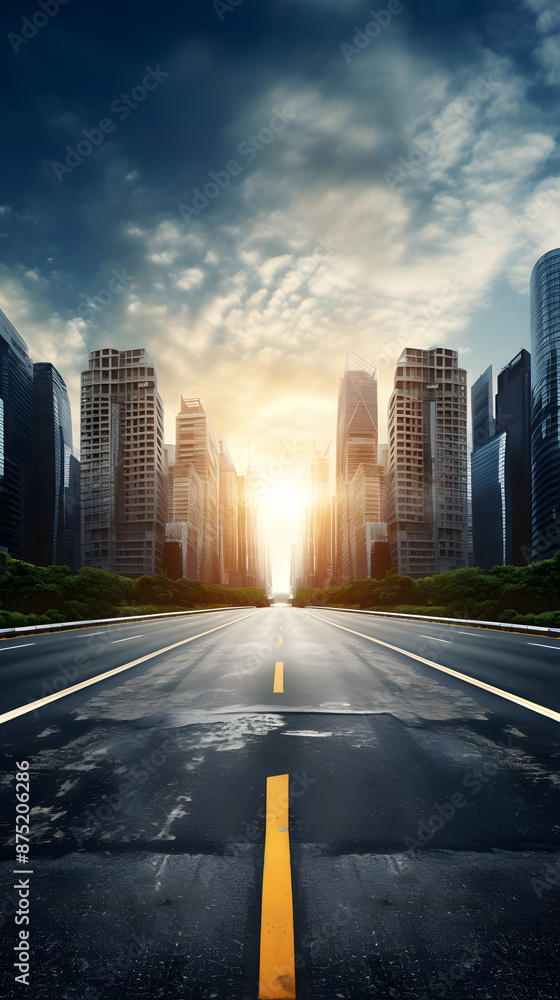 Fototapeta premium Digital speed concept street asphalt landscape abstract poster mobile background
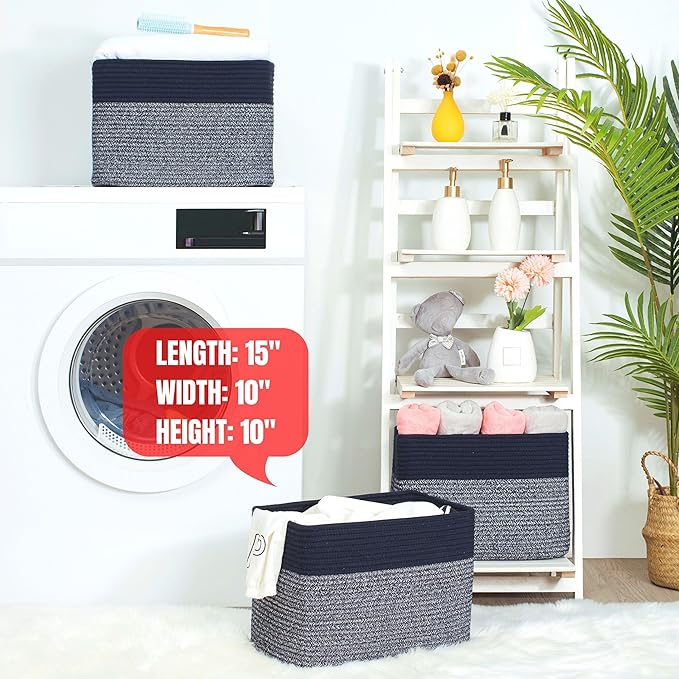 MINTWOOD Design Storage Basket for Shelves, Decorative Baskets for Organizing, Book Basket, Storage Cube Bin Box, Woven Closet Organizer, Pantry Closet and Shoe Basket, Navy Blue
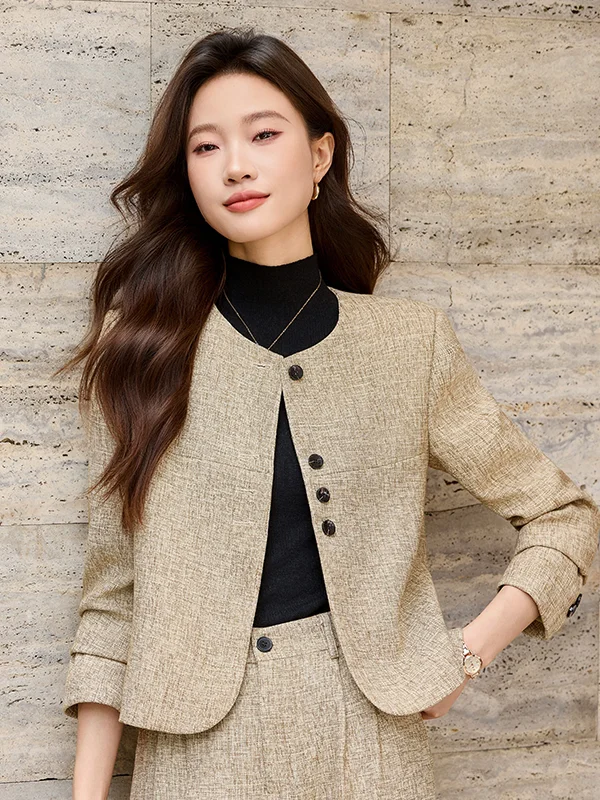 Elegant Short Tailored Suit Set for Women round Neck Business Casual Polyester Fabric Long Sleeve Single Button Closure Pure ...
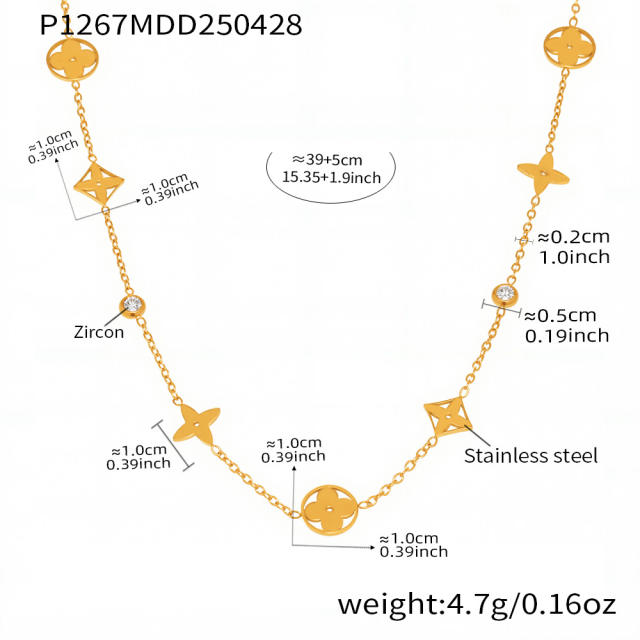 5A cubic zircon diamond necklace hollow clover chain necklace stainless steel necklace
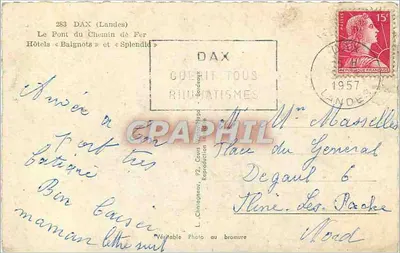 Ponte do Caminho de Ferro em Dax — Landes — Editora Elcé — Verso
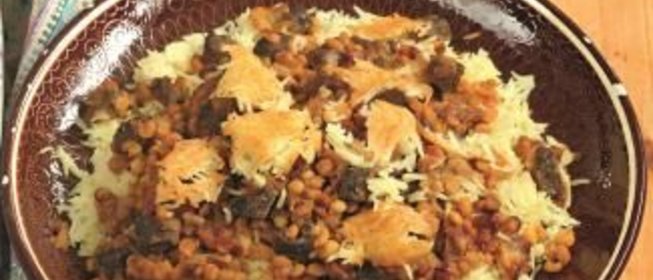 Плов с бараниной и айвой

==========

Exercise prompt
When you copy the listing above, reproduce every line exactly and skip the images.

Answer space
 Fototapeta premium Digital speed concept street asphalt landscape abstract poster mobile background
 MINTWOOD Design Storage Basket for Shelves, Decorative Baskets for Organizing, Book Basket, Storage Cube Bin Box, Woven Closet Organizer, Pantry Closet and Shoe Basket, Navy Blue
 Elegant Short Tailored Suit Set for Women round Neck Business Casual Polyester Fabric Long Sleeve Single Button Closure Pure ...
 5A cubic zircon diamond necklace hollow clover chain necklace stainless steel necklace
 Ponte do Caminho de Ferro em Dax — Landes — Editora Elcé — Verso
 Плов с бараниной и айвой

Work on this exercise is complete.